# Cookie



## Vicky (Jun 23, 2011)

I have final worked out how to post pics so here is one of Cookie when she was 11 weeks on her first trip out and about.


----------



## Vicky (Jun 23, 2011)

some more random ones And a video of Cookie on her second day at home.

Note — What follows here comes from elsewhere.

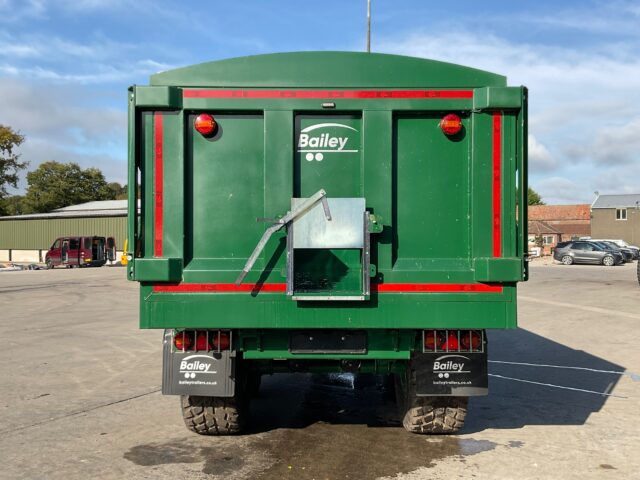 Lot 5: Bailey Twin Axle Tipping Trailer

http://www.youtube.com/watch?v=OLAC3O1CwoI&feature=plcp 

She was so tiny then


----------



## Janev1000 (Oct 4, 2011)

Cookie is gorgeous - could be Ted's little sister with those markings! x


----------



## Muttley Brody (Feb 14, 2012)

Lovely photos.


----------



## anndante (Oct 26, 2011)

Ahh! So lovely! Yet more irresistible eyes! And such a lovely colour coat.


----------



## lady amanda (Nov 26, 2010)

AH she is really cute!! she looks so happy!!


----------



## Sam1 (Mar 6, 2012)

Oh no! I haven't even got my first CP yet and I'm falling for the choccys already!  maybe a choccy in the future....


----------



## Janev1000 (Oct 4, 2011)

Sam1 said:


> Oh no! I haven't even got my first CP yet and I'm falling for the choccys already!  maybe a choccy in the future....


Yes, it's very difficult to stick to just one colour! x


----------



## Rufini (Sep 9, 2011)

awwwww  I love all the choccies  It reminds me of Vincent when he was teeny... ooooh another choccie would be lovely.....................


----------



## Jedicrazy (Apr 26, 2011)

Cookie has a beautiful face.


----------



## emmelg (Mar 4, 2012)

Vicky said:


> some more random ones And a video of Cookie on her second day at home.
> 
> http://www.youtube.com/watch?v=OLAC3O1CwoI&feature=plcp
> 
> She was so tiny then


Cookie is lovely...i see that it's her first birthday tomorrow xx


----------